The “queen of hobbies”
Sandi Morris is a flying squirrel—or at least that’s her spirit animal, she told Excelle Sports. There’s a reason why her social media handles are named “sandicheekspv,” and it’s not just because she’s a Spongebob fan. Not only does Morris like to leap from high places on the track, her “squirrly” personality has her jumping from hobby to hobby and always looking for an adventure.
Morris grew up in Greenville, S.C., a little haven nestled in the foothills of the Blue Ridge Mountains. Her father Harry is a geologist and he always liked to take his daughter camping. Through their explorations, Morris fell in love with nature, rocks and animals.
“God bless my mother,” Morris laughed. “She would let me have every animal I wanted. But her rule was if you don’t take care of it, [she was] going to get rid of it.”

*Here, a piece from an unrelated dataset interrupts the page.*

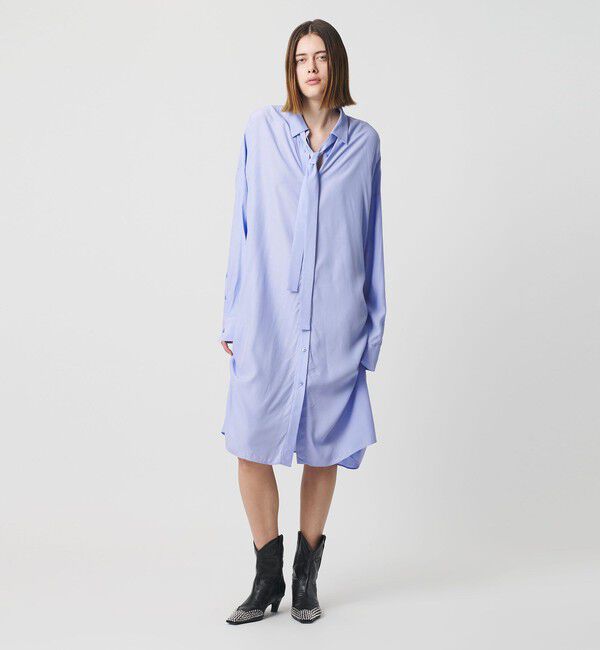 AEWEN MATOPH「＜AEWEN MATOPH＞ボウタイシャツワンピース ‐ ウォッシャブル ‐」|ワンピース|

One day, Morris begged her mother to take her to an exotic animal exhibit, after which she took home a flying squirrel named Rufus. Remember the rule was that Morris had to take care of all of her animals or else she’d lose them—reptiles, snakes, fish, birds and all—so she took her father’s saw and built Rufus his own wooden cage.
Her latest addition to the pet family is a little Greyhound puppy named Rango who likes to run with Morris at practice.
Besides her love for animals, Morris has a passion for art and music. She grew up playing violin and taught herself acoustic guitar. Though training for trials has occupied a lot of her time, she uses her rest periods to write songs or make music videos. If she’s tired, she’ll be curled up in one of her blankets, which she happens to collect.
“If I go to any home-goods store and I see a comfy throw, it’s really hard for me to refrain from getting a new soft blanket,” Morris said. “I guess I am a squirrel who likes to nest.”
On the mend and off to trials
It will soon be time for the Sandi “The Flying Squirrel” to soar in Eugene, Ore., where the qualifying round of the pole vault is set to kick off on Friday. But there’s one challenge Morris has to face when she steps onto the runway. In May, she snapped a pole and broke her left wrist at a meet in the Czech Republic. But that wasn’t going to stop her from training as much as she could.
“We just had to get really creative with my training for all the times I couldn’t use my arm,” Morris explained.
With her arm now healed but still achy, Morris is just getting back to vaulting. The doctors said that her wrist is probably going to bother her throughout the competition, but because of all of the reading she’s done, all of the coaching she’s had and all of the falls she has taken just to get up again, Morris knows how to focus. Only a fearless squirrel makes it to the other tree.
“It’s going to be about confidence,” said Morris. “It will mean even more to me if I make it than if I didn’t have this injury. As long as I am confident going into Trials, I can still make this Olympic team.”